Understanding these fundamental concepts is essential for effectively implementing chaos engineering with Harness. This guide covers the core terminology, principles, and Harness-specific components you'll encounter.

What is Chaos Engineering?

Chaos engineering is a proactive approach that intentionally injects failures into your system to identify weaknesses and improve resilience before real issues occur. It's the discipline of performing experiments on software to build confidence in the system's capability to withstand turbulent and unexpected conditions.

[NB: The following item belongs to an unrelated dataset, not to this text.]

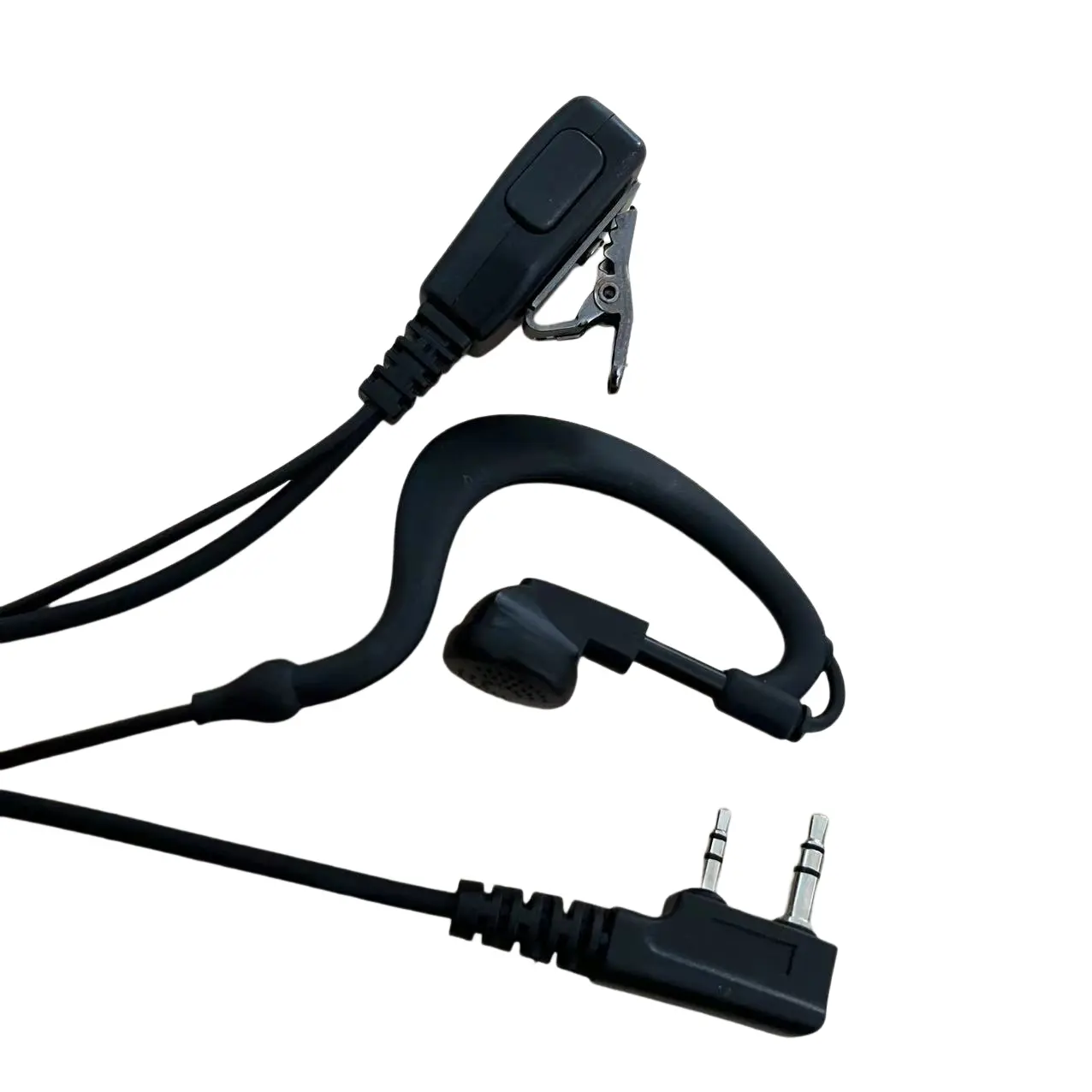 Baofeng-walkie-talkie de seguridad, auriculares de Radio bidireccional, flexibles, acústicos, con micrófono de Tubo Transparente, auricular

Key Point: Chaos engineering isn't the same as software testing (manual or automated) which verifies that your system is working as expected. Instead, it assumes something will go wrong and helps you prepare for it.

Core Principles

1. Steady State Hypothesis

The steady state represents your system's normal operating condition. In Harness Chaos Engineering, you:

  • Define measurable system outputs that indicate normal behavior
  • Establish baseline metrics using Service Level Objectives (SLOs)
  • Set acceptable thresholds for system performance
  • Use Resilience Probes to validate system health

Example: "Our API should maintain 99.9% availability with response times under 200ms during normal operations."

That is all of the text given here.